Alan then went on to study Horticulture at Writtle for three years, and then on to my old alma mater, Merrist Wood College in Surrey, to study Arboriculture.
In recent years Writtle University has presented Alan with an Honorary Doctorate for his outstanding contribution to horticulture. Working with the National Trust for nearly 22 years in various positions, including a period at Mount Stewart in Northern Ireland, (a magnificent garden with an outstanding collection of plants), Alan is now the head gardener at Stourhead in
“During my time at Stourhead, I have been a gardener and arborist, assistant head gardener, and for the past 13 years, the head gardener. My job covers the whole estate, 2,650 acres of designed, 18th century landscape.”
Stourhead is one of the busiest open gardens in the UK, attracting over 400,000 visitors annually and this in itself poses challenges, not all horticultural.
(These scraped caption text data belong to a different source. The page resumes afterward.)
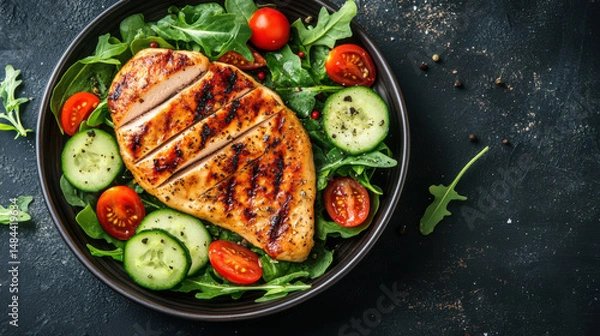 Obraz Grilled chicken breast with arugula and tomatoes on a plate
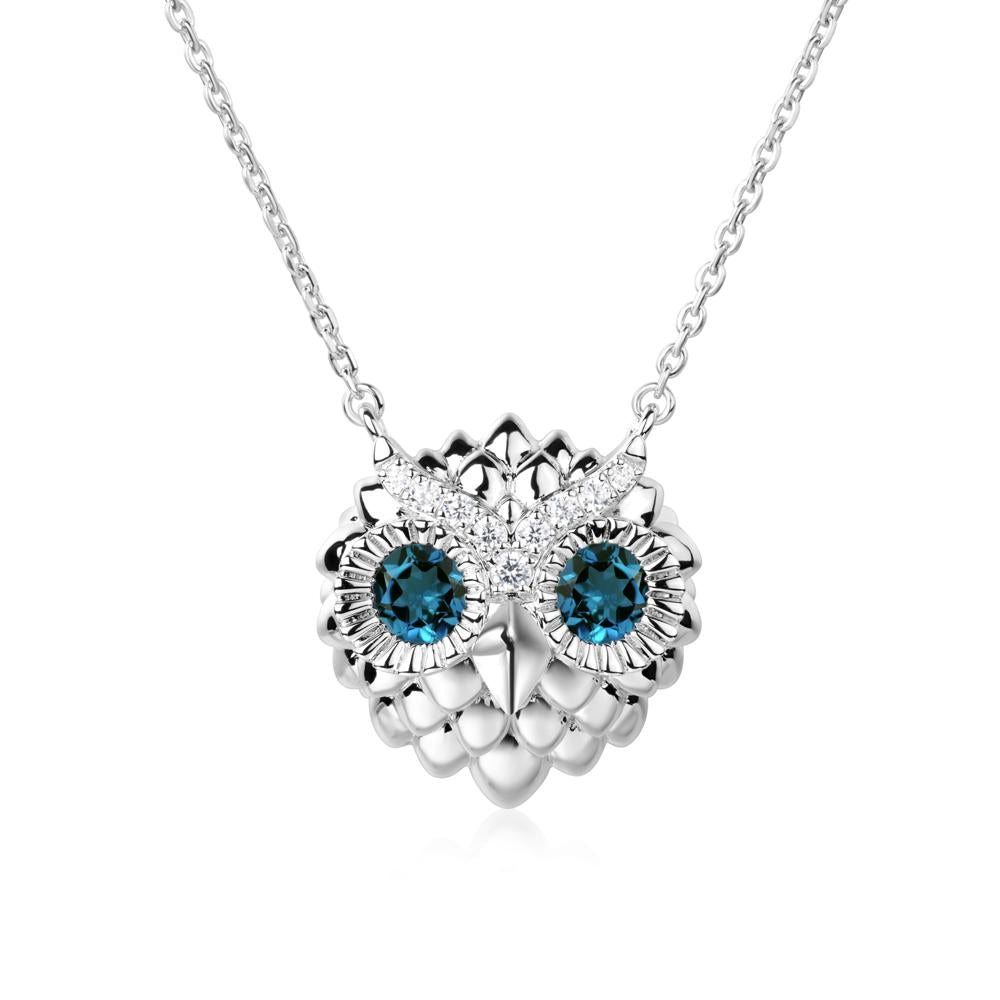 London Blue Topaz Owl Necklace - LUO Jewelry #metal_14k white gold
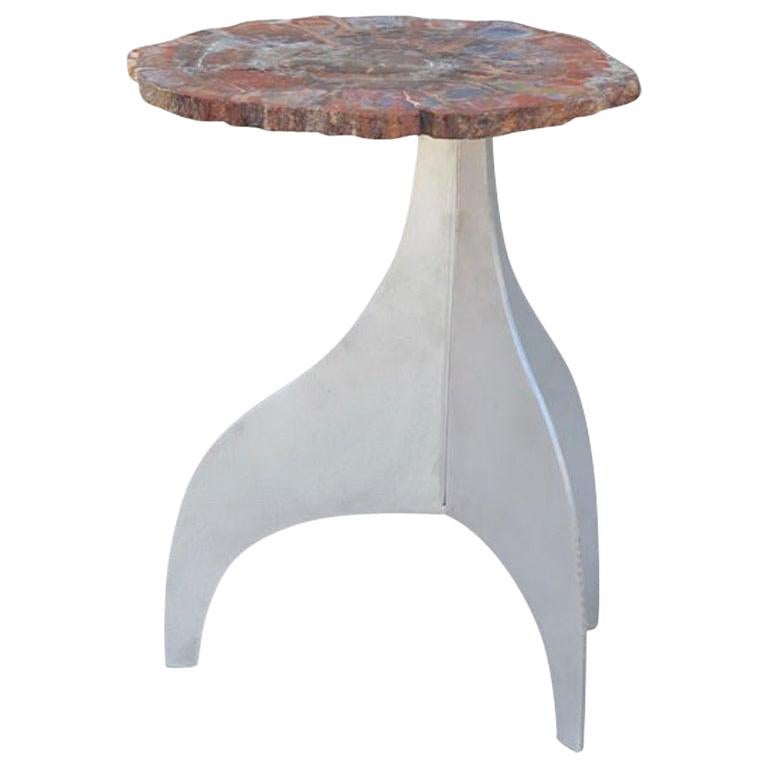 'Seve' Petrified Wood and Aluminium Side Table by Design Frères For Sale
In a garden of this size and this busy, there is a fine line between conservation and access.
“The role consists of the conservation, preservation and maintenance of the garden and wider estate, managing the garden and estate team to ensure that Stourhead is managed appropriately and to a high standard.”
A busy garden must bring challenges with it, the impact, the difficulty in getting work done and other practical issues of accommodating that number of visitors.
“But we also get to share the work we are doing with the visitors,” he says. “Luckily we are well supported in the National Trust. However, there is nothing more rewarding than seeing peoples’ reaction to the garden when they experience it for the first time.”
There are still many restoration projects to complete in the garden and Alan is currently researching the late 19th century and early 20th century ‘lost’ plant collection to begin a re-introduction into the collection.
“We have also been restoring the temples and features in the landscape and have spent close to £1m on these features over the last three years.”
When I asked him about the differences between managing a garden of that scale in the UK and an open garden in Ireland, I got the obvious answer:
“Oh I do miss the Irish climate, the variety of plants that can be grown in parts of Ireland is to be envied by all.
“We are lucky in the fact we do have a larger audience to attract in the UK, and therefore there are more opportunities for investment in the gardens, I suppose.”
Alan is passionate about all aspects of gardening and in particular, open gardens. “Currently my focus is on the management of historic gardens and applying appropriate horticultural techniques to their maintenance to present them properly.
“Over the past few years, my role has offered me the opportunity to be an internal gardens’ consultant for the National Trust, advising gardens and gardeners on the management and care of the historic landscapes in our care. In 2016, I spent time
managing the magnificent gardens at Hidcote. It all just feeds the passion.”
In recent years, Alan has presented various programmes on the BBC: British Gardens in Time which was a four-part series on BBC 4 and over the last couple of years, you will have seen him as a presenter on Gardener’s World on BBC 2.
Alan will be talking at the Ballymaloe Garden Festival at 10am on Sunday, September 3 about Stourhead, and again at 1pm about his journeys through amazing gardens. Gardening is at the core of this show, not big budget show gardens, but simple pursuits, methods and tips will be on display over the weekend and presented in a very ‘how to’ manner.
Many of the same horticultural techniques that Alan Power is talking about will be showcased at Ballymaloe.
Now in its third year in Ballymaloe House, it’s great to see an event like this developing in Cork as many of these skills could be lost if they can’t be showcased— there really is no substitute for some one-on-one conversation and ‘hands on’ demos.